Responses by UTC freshmen to the Alcohol Edu survey:
• Nondrinkers: 72 percent
• Light drinkers: 11 percent
• Heavy drinkers: 17 percent
(Based on survey of 1,912 freshmen in 2011)
University of Tennessee at Chattanooga freshmen are more likely to spend time hitting the books than hitting the bars.
More than 70 percent of UTC freshmen -- a figure higher than the national average -- self-identified as nondrinkers on the 2011 Alcohol Edu survey, said Tricia Henderson, coordinator of alcohol and other drugs and mental health education at UTC.
The university also had a lower-than-average rate of students who reported high-risk drinking, just 17 percent.
Freshmen entering UTC are required to take the two-part Alcohol Edu course, a national program which offers information about drinking and health resources and asks them about their drinking habits. The course was implemented in fall 2011. Results for the second year of the survey will be completed in October.

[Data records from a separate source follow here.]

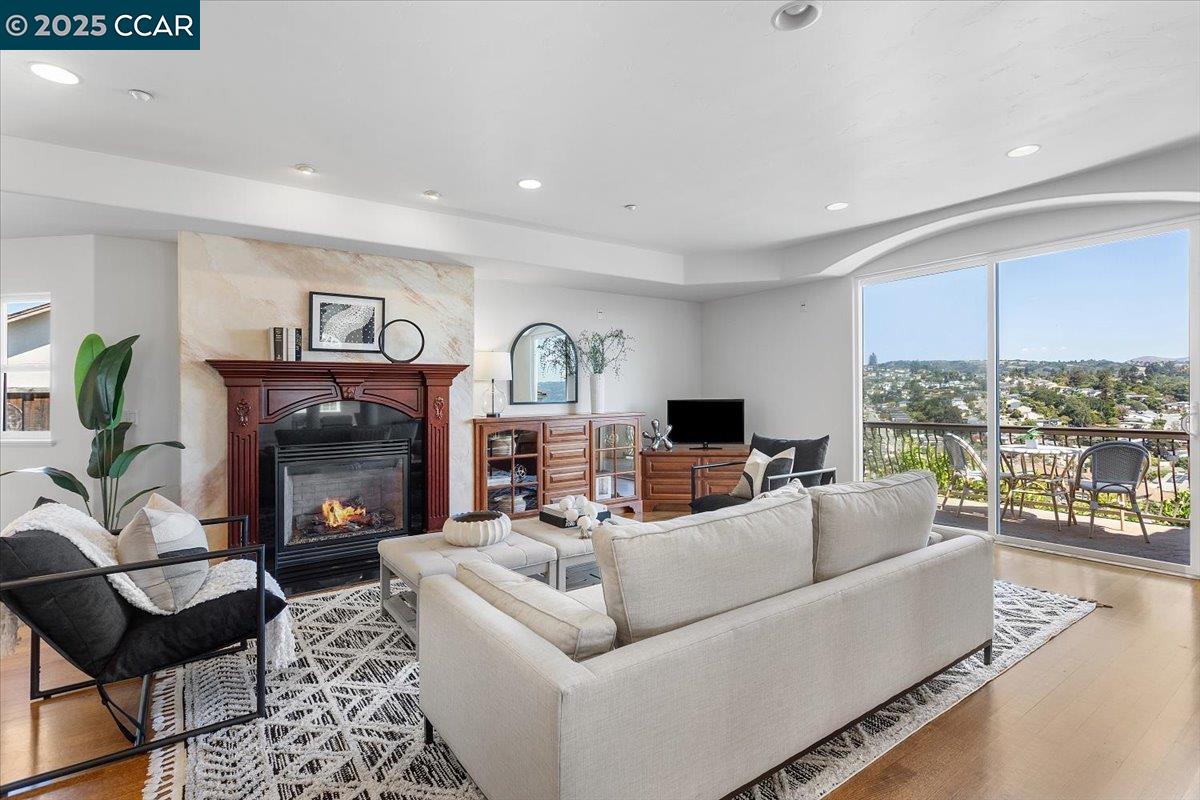 Detail Gallery Image 19 of 59 For 2876 Eugene Ter, Castro Valley,  CA 94546 - 5 Beds | 4 Baths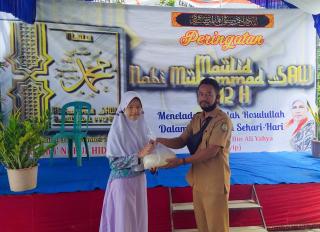 Sekdes Mekargading Berikan Santunan Diacara Maulid Nabi Muhammad SAW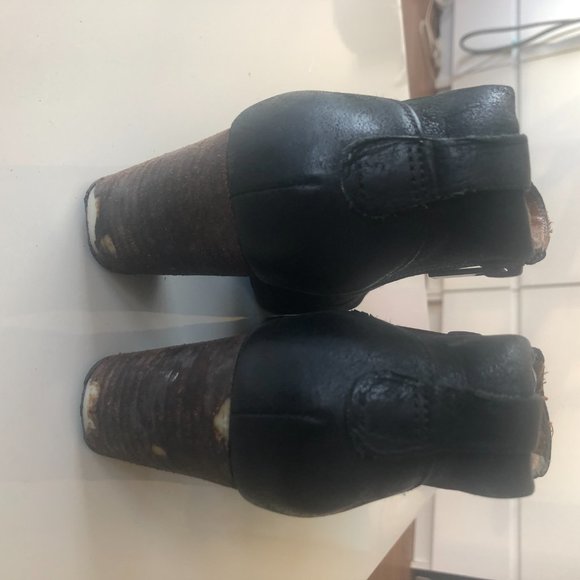 Clarks ankle booties! Womens size 7 - Picture 6 of 10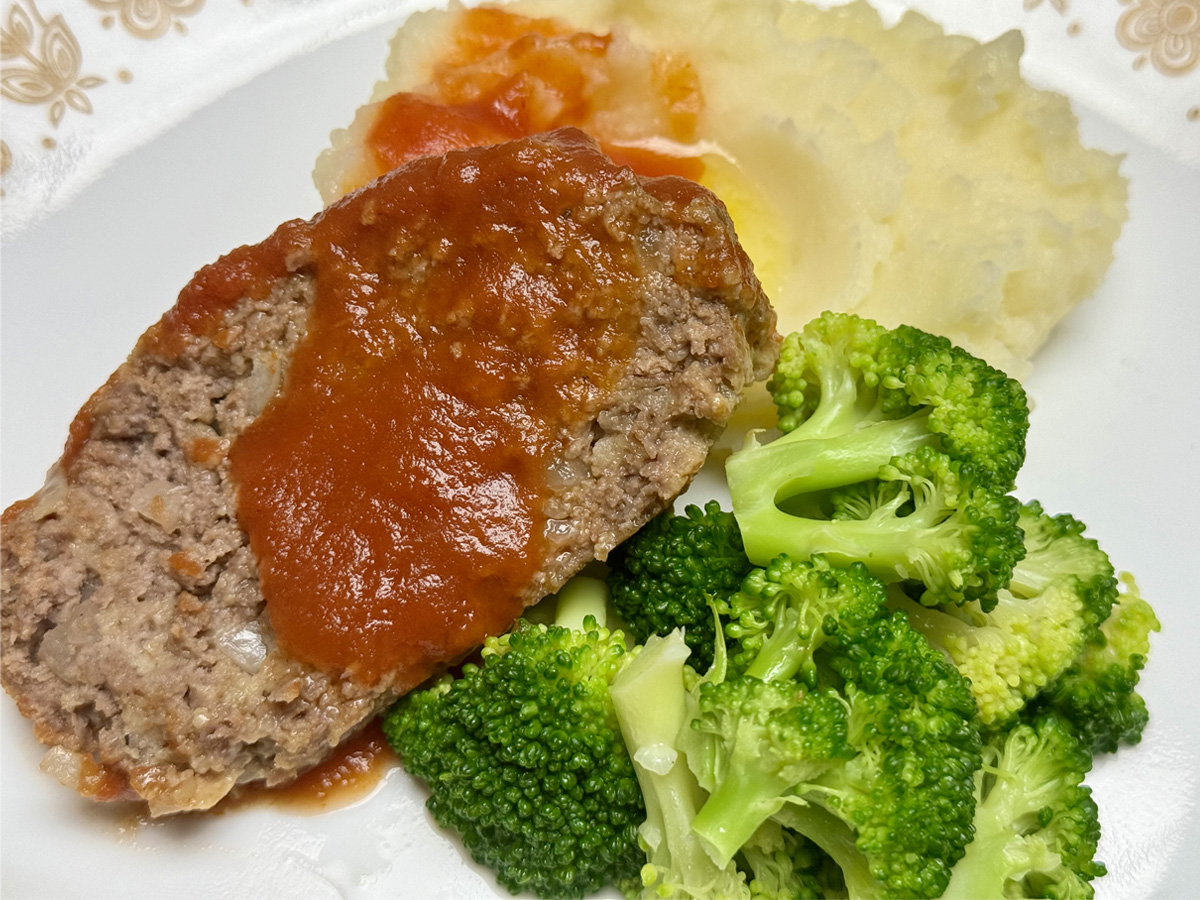 Mom’s Easy Meatloaf with Tomato Sauce Topping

"We're monitoring what their perceptions are, whether they engage in alcohol and drug use, what's changing and what does that culture look like," Henderson said.

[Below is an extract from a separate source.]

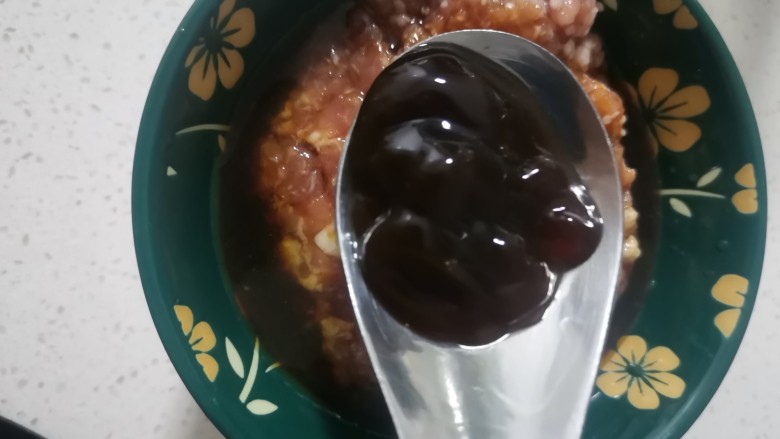 砂锅丸子,加入耗油
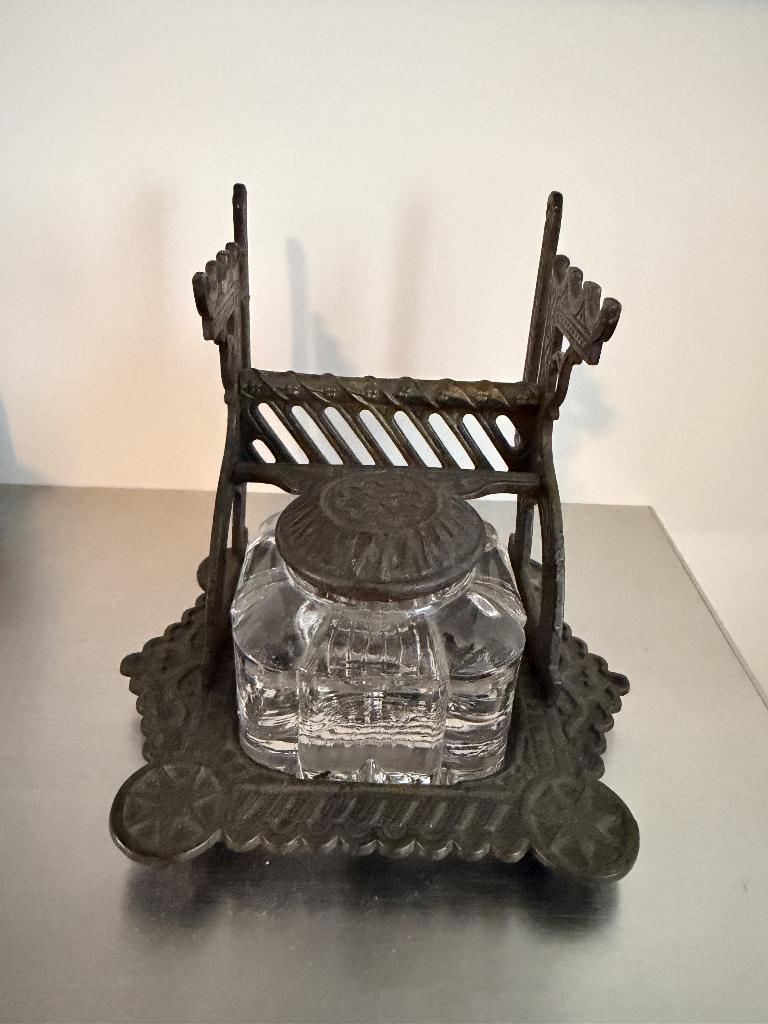 Antieke inktpot Eastlake Victorian Style Cast Iron Inkwell, Ophalen of Verzenden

Though Henderson said she was not surprised by the results, she was pleased with them. She said the challenge now is to keep students engaging in healthy behaviors regarding alcohol use.
"I think anywhere we can grab our students' attention and have an hour or five minutes to talk to them, that's good," Henderson said. "I can't get out personally and talk to students -- there's not any single person on campus that can do that -- but we know within four years that the majority of our students have heard at least [about Alcohol Edu]. I know that I'm not going to hit 100 percent of our population, but high 90s is great."
Students have mixed thoughts on the Alcohol Edu course and the survey results.
Jeamill Sloan, a sophomore who took the course in 2011, said he thought it provided useful information.
"It taught you have to calculate your blood alcohol content and stuff like that, which is helpful," he said. "It was also kind of helpful for girls because it showed how they couldn't drink as much as guys, and how that worked."
Freshman Akeela Vaughter disagreed, saying she didn't think the course provided anything helpful.
"It's time-consuming," she said. "I don't think it should be required -- they're just going to drink if they want to drink anyway."
She suggested the university make the course an elective for students instead.
Freshman Jayde Taylor also said the course was too long and time-consuming, and he was surprised by the survey results.
"The stereotyping of college kids -- they make them out to be partying all the time," she said. "But that's not always the case."
Henderson said one of the areas of education she was targeting was to let nondrinkers know that they are not alone.
"I think we all operate under the misconception that all students engage in the high-risk behavior, but there's a large percentage of students that report they don't drink," Henderson said. "We target the high-risk drinkers because they suffer, but we want to reward or engage the nondrinkers as well."